Я никогда не устаю тебе рассказывать, как хорошо ты пишешь, и ты уже должен к этому привыкнуть. Я не выношу все все почти все письмо. si, теперь так очень приятно говорить кому-то, как хорошо они умеют. В русском Досе это имелось. В Тургеневе больше, нежели в Чехове. хотя обоих слишком уж с говном мешали за стилистику. У Хема был стиль годный, но мог кровь в него вливать лишь в первой половине работы. ты один заточенный и выкованный реалист чистого Норзе-стиля. Я знаю, почему У. К. Уильямс тебя кусал. у тебя на морде нет намордника, что был на нем. у него случилось 3 или 4 добряка. ты же просто последовательно великолепен и бессмертен. когда б я тебя ни читал, у меня самого письмо улучшается – ты меня учишь, как пробегать сквозь ледники и бросать закоченевших блядей. я это не очень хорошо выражаю, но ты понимаешь, о чем я. черт бы тебя побрал, Норзе, я только что сжег весь поднос жареной картошки, пока ПИСАЛ о тебе! а весь день не ел, неэль, иийии, вот уже ДВА дня, и какой-то пьянчуга снаружи колотит в перевернутый мусорный бак, и мы все скоро окажемся в тюрьме, вскоре мы все будем… маленькие ломтики моченой свеклы, под этикеткой в банке… о господи, что за срань, о боже, что за капкань… но я ж не подписывал КОНТРАКТ, правда? и что за «контракт» –

: их язык

Пикассо не напечатала стихи Буковски у себя в журнале.

[Паломе Пикассо]Конец 1969 г.

спасибо за личное письмо.

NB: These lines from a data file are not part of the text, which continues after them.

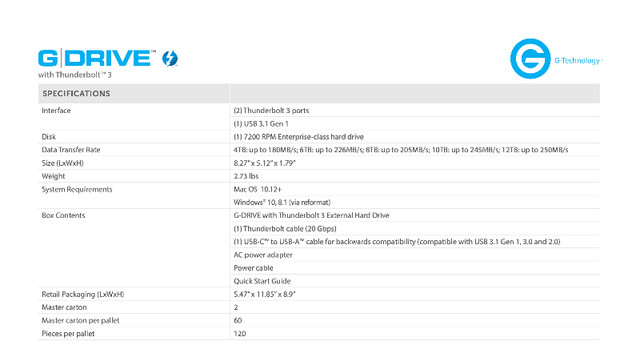 (3) External Hard Drives in Other in Chilliwack - Image 2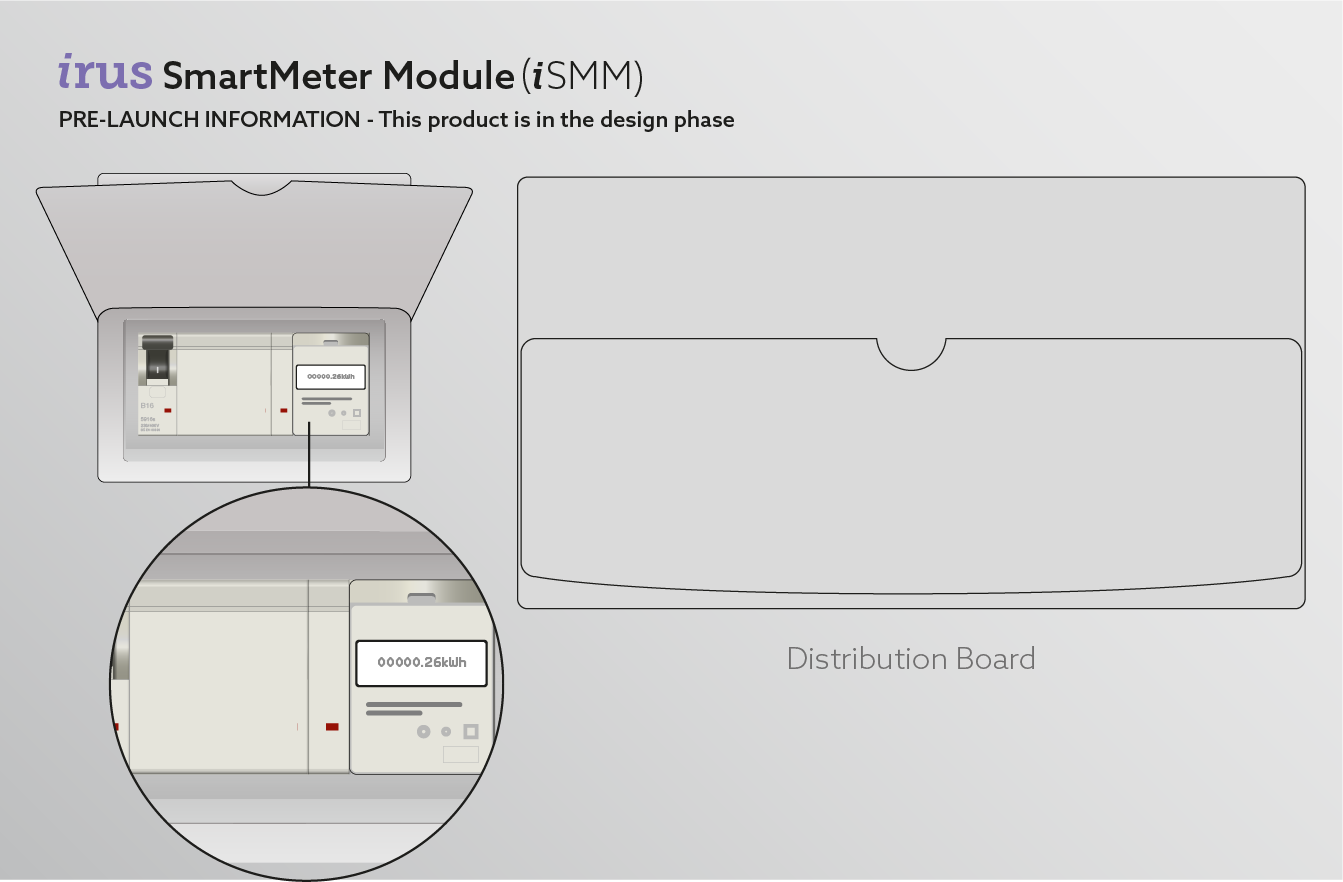 Irus smart meter electric meter metering diagram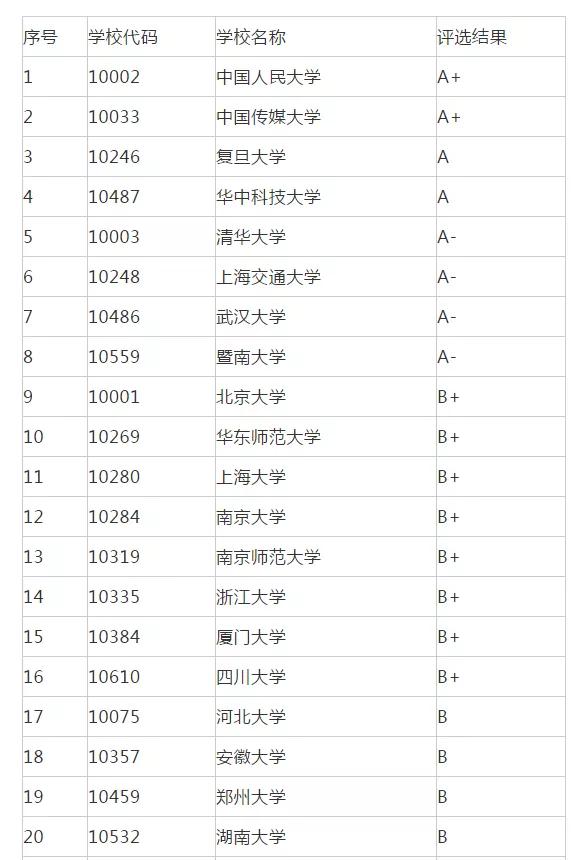 重庆哪些大学有新闻传播学考研,22年考研专业排名怎样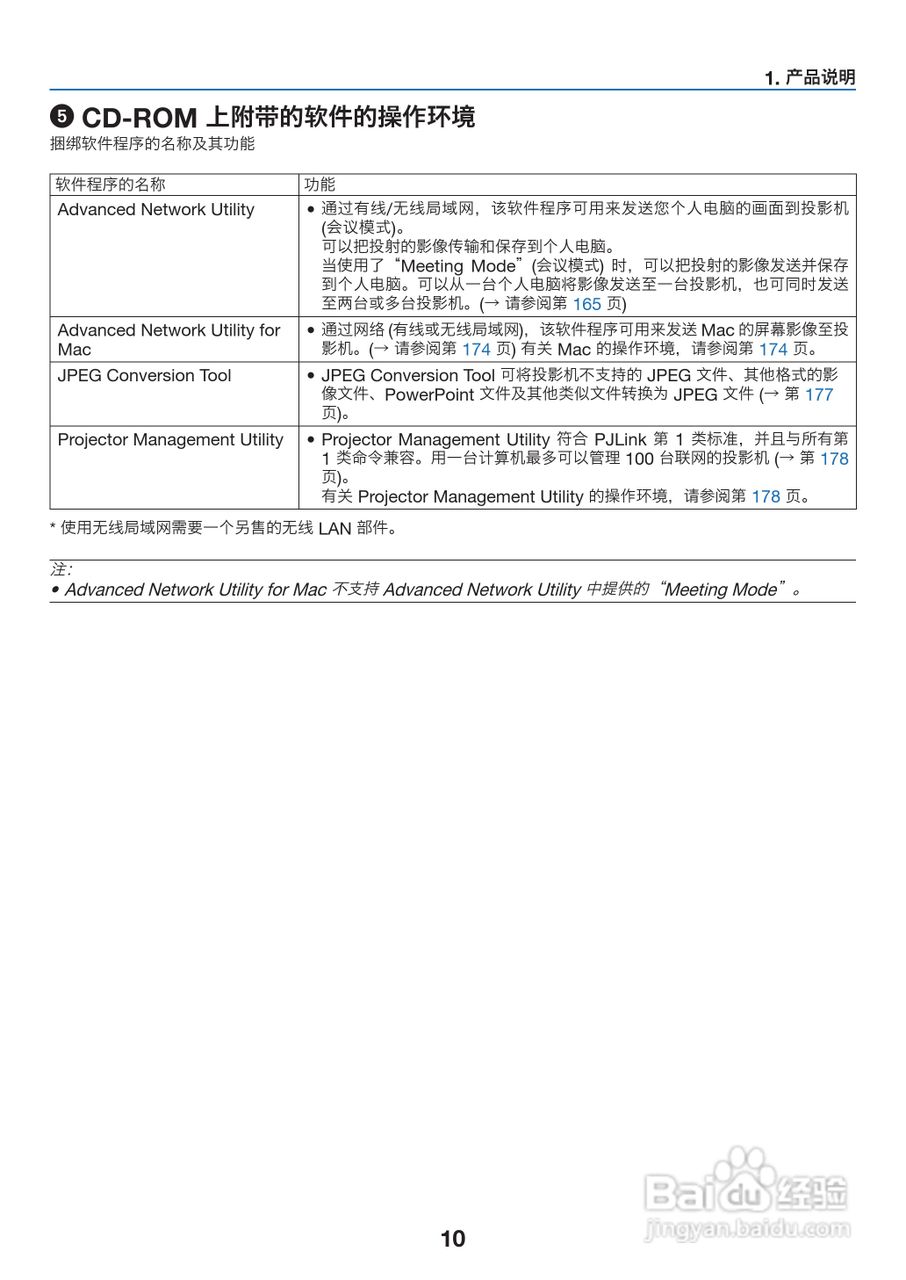 理光PJ WX6170N投影机说明书:[3]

Я все равно собирался что-то отправить, но просто не хотел навязывать вам какую-то мочу. [Синклер] Бейле рассказывал мне о вашем проекте, и я считаю 3 его стихотворения, которые напечатал у себя в маленькой портянке «Смейтесь литературно», лучшими по манере письма, по форме, по юмору, жизни и потоку из всех, что я видел за многие годы. стало быть, вы знаете про Синклера, но у меня свои беды. Я один из немногих, кто не считает Берроуза каким-то там ходячим богом. Я считаю, что его нарезки и аранжировки пленок – просто заскучавшая в гетто оборотная сторона благонадежного и солидного человека. ко. счетная машина сложила его с $$$. это очень просто, но не давайте мне быть сукой. я вовсе нет. дело лишь в том, что я говорю то, что говорю, и всегда так поступал. я пускаю свой лишайный ум вольно катиться. Давным-давно в переулках Нью-Орлеана, питаясь одними шоколадными батончиками по никелю, я решил всегда пускать ум свой кататься вольно. это не значит быть «психом». а может, и значит. так или иначе, пока я тут колочу в 2 часа ночи, сидя между 2 драных настольных ламп на пишмашиночном столике, который мне подарили покойные родители на день рожденья, и печатаю на печатке, подаренной мне просто так, меж тем слушая скверную фортепианную музыку по радио за 19 долларов из «Экономного аптечного», я разговариваю, снова вечером уйдя с работы, чтобы прийти сюда и попробовать вынуть 3 или 4 плохие строчки из приложенных стихов, а к этому времени уже выпил одиннадцать (бутылок пива) хаха – на чем я остановился?